WORK TO BE COMPLETED |
Leave out the pictures and repeat the data exactly.

SUPPLIED MATERIAL |
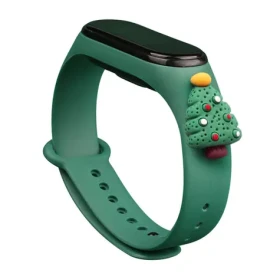 Hurtel Strap Xmas tmavo zelená / Remienok / XIAOMI Mi Band 3/4 / s vianočným stromčekom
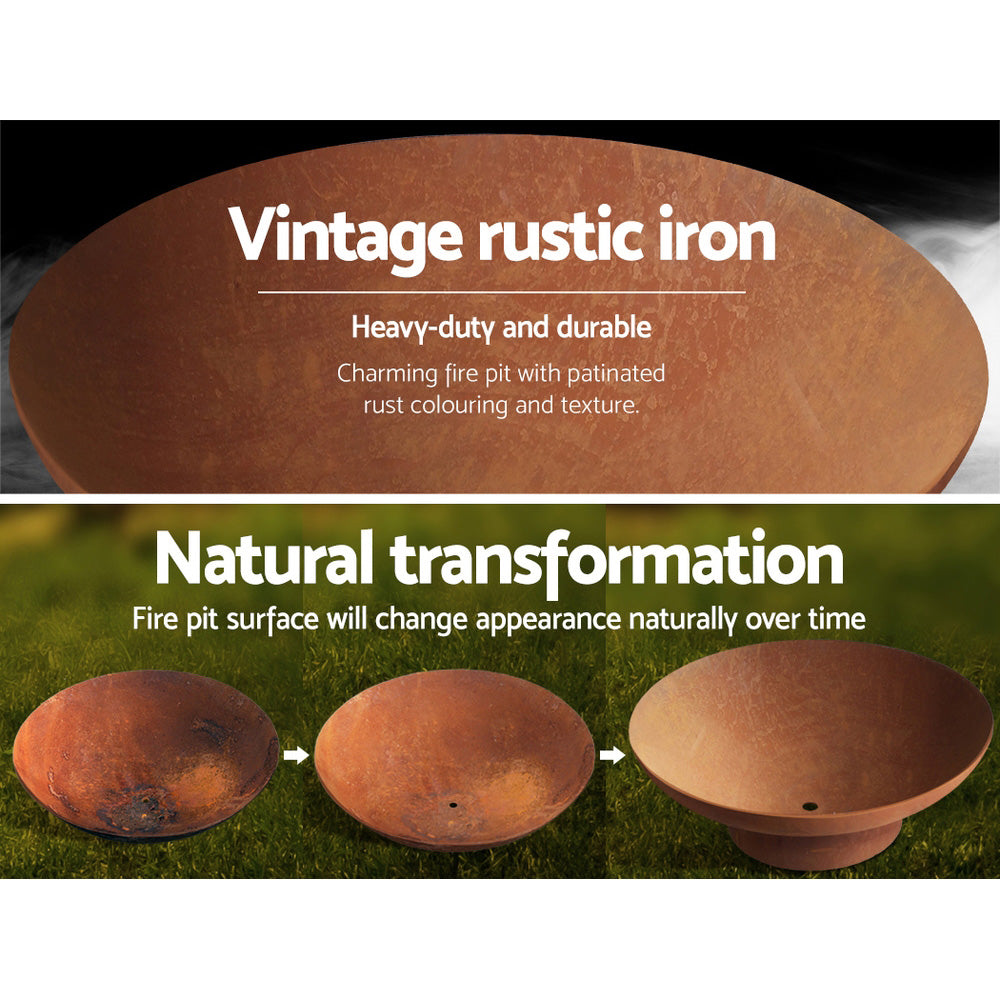 Fire Pit Bowl Cast Iron Rustic 70Cm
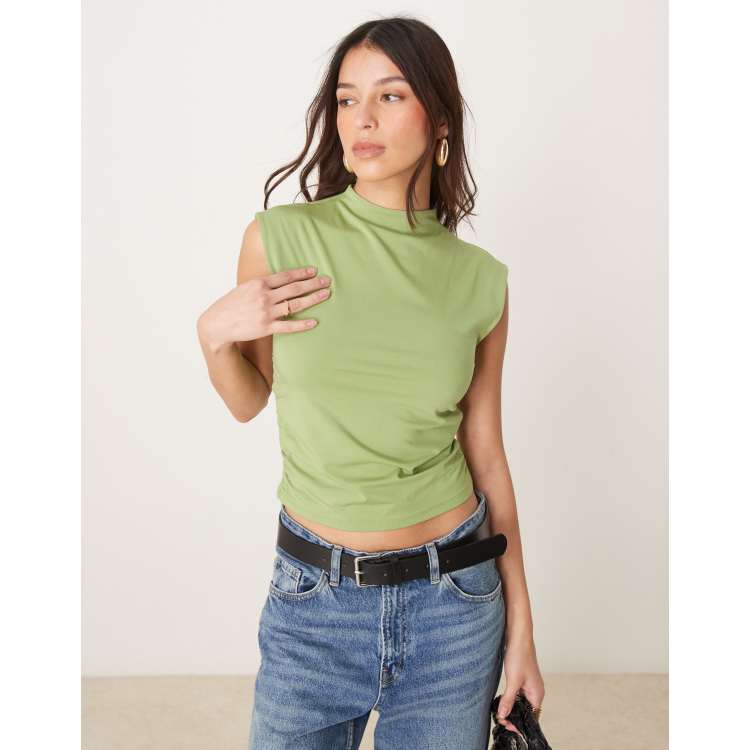 Abercrombie & Fitch sleeveless mock neck top in green | ASOS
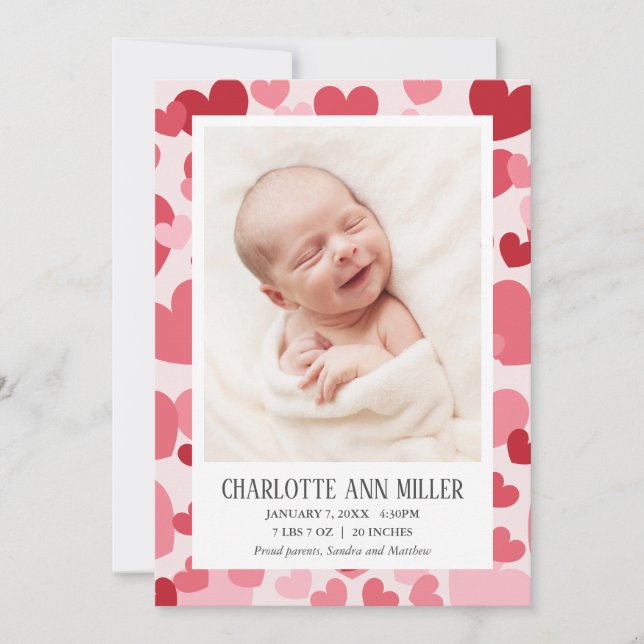 Anúncio Sweet Hearts Photo Birth Announcement | Valentine  (Frente)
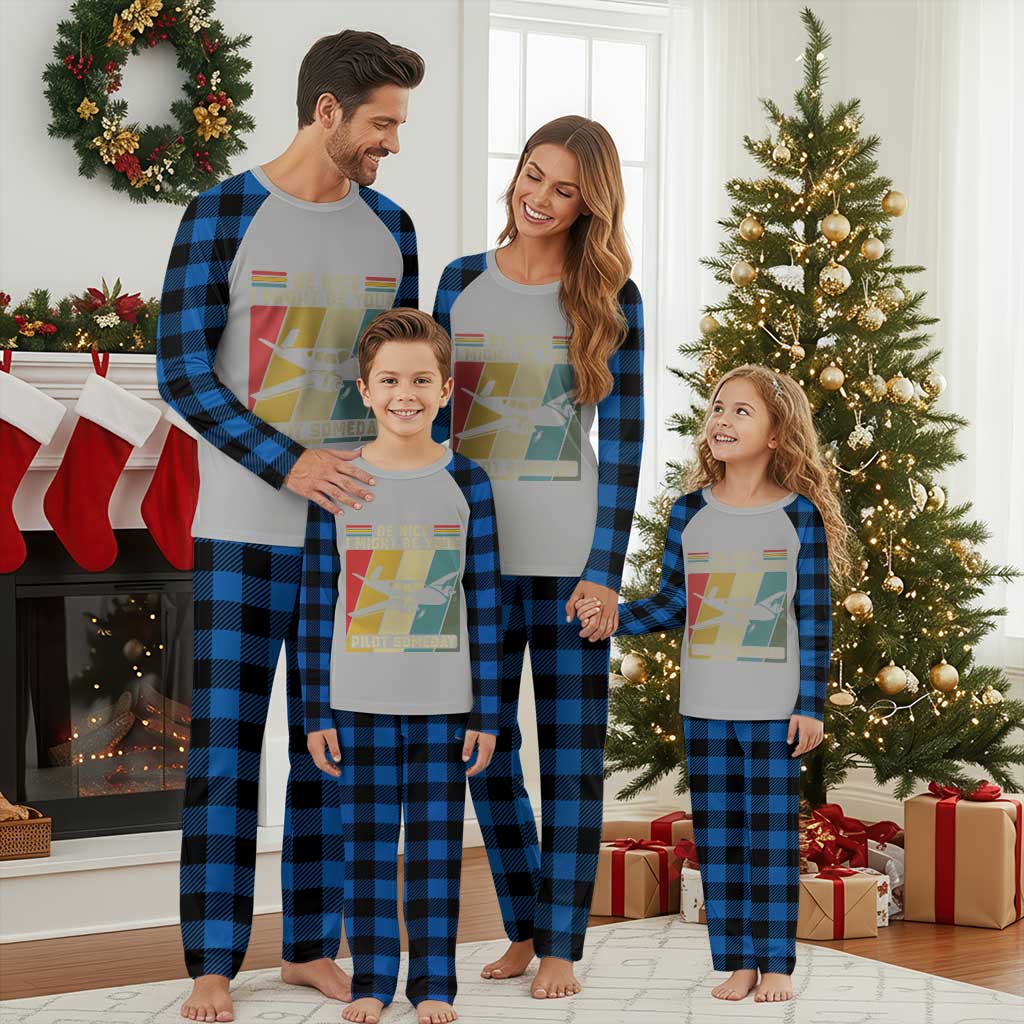 Funny Aviation Pilot Plaid Pajama Set Be Nice I Might Be Your Piolot Someday - Wonder Print Shop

YOUR SOLUTION |
 Hurtel Strap Xmas tmavo zelená / Remienok / XIAOMI Mi Band 3/4 / s vianočným stromčekom
 Fire Pit Bowl Cast Iron Rustic 70Cm
 Abercrombie & Fitch sleeveless mock neck top in green | ASOS
 Anúncio Sweet Hearts Photo Birth Announcement | Valentine  (Frente)
 Funny Aviation Pilot Plaid Pajama Set Be Nice I Might Be Your Piolot Someday - Wonder Print Shop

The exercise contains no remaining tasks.